The lead mare, a deep mahogany bay pinned her ears at them as one nearly crashed into her. One colt bowed his head and trotted off from the grumpy mare, while the other continued to pester him, still wanting to play.
The mare went back to grazing, but continued to watch the pair from the corner of her eye. The dams of these colts called to them, not liking when they ventured so far.
My small band of four mares and three foals wandered peacefully through the valley, while I watched over them carefully, I stayed about twenty paces behind them, watching as my offspring showed off for me. The colts began to settle down now, and were nibbling at the grass. The lead mare had led us down from the hills over the last few weeks as summer began to set in and the grass began to grow. I was uneasy in the open; we had spent the last few months hidden amongst the trees, only needing to come into the open for water.
The breeze blew form behind us and I worried that there could be danger up ahead. But I trusted my lead mare; she had never led me anywhere unsafe before.
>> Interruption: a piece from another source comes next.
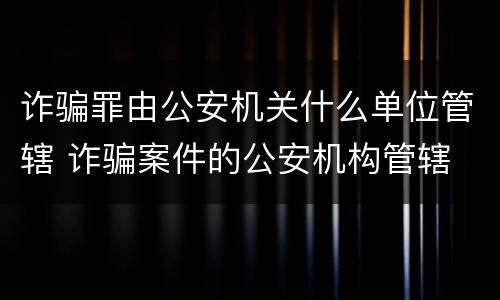 诈骗罪由公安机关什么单位管辖 诈骗案件的公安机构管辖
She stopped to graze and the other mares did the same. The foals, grateful for a rest found a soft spot in the grass and laid down to nap.
With a sigh I dropped his head and munched on the green grass, the sweet taste filled my mouth and I grabbed the biggest mouthfuls I could manage; all the while keeping an eye out for danger.

At first, it sounded like another band of horses, the rumbling of hooves, but then I heard something I did not recognize, it was a squeaking, cracking kind of sound, and a jingle of some kind. I raised his head, curious. When they first came out of the trees, I did not realize what was happening. But my mares grew agitated and the foals jumped up from their resting places. I snorted and watched as the men on horses circled around them. My lead mare pinned her ears and picked up a quick trot, turning back the way they had come. The other mares followed her, nickering worriedly to their follows to stay close. I watched as the men closed in on me, and suddenly it hit me: they were here for my herd.

I tossed my head and snorted a warning, arching my neck as I did this. I sprang into a canter and followed my mares back to the safety of the hills. The men urged their horses to follow, but when they did not try to round my mares, I began to realize they were not after my herd. They were after me. I stopped suddenly, sliding a few feet as I did; I spun on my haunches and launched myself in the other direction. The men turned their horses and just as I had planned they followed me back across the valley. AS I galloped I hoped my band would continue back to the safety of the hills.
The wind whipped through my mane, it rang in my ears. My hooves pounded the earth, and my muscles burned with every stride, but I galloped on; my life, and the life of my herd depended on it. I ran to the safety of the dense forest, hoping to lose the men, but they dodged the trees and jumped the logs just as easily as I did. I plunged down the mountain further, and into another valley. This one was smaller, and the ground was water logged so it made going harder. Once I was across the lush valley I continued up the mountain. The ground began to dry and soon I was entering the canyons. The canyons were where horses went and didn’t come back. There was no vegetation, no water, and no signs of life. It was my last resort to evade my followers. I’d been running for a long time and I could feel fatigue setting in. My lungs began to burn, I needed to stop, I needed to rest – but they were still behind me; the sounds of following hoof beats and shouts kept me going.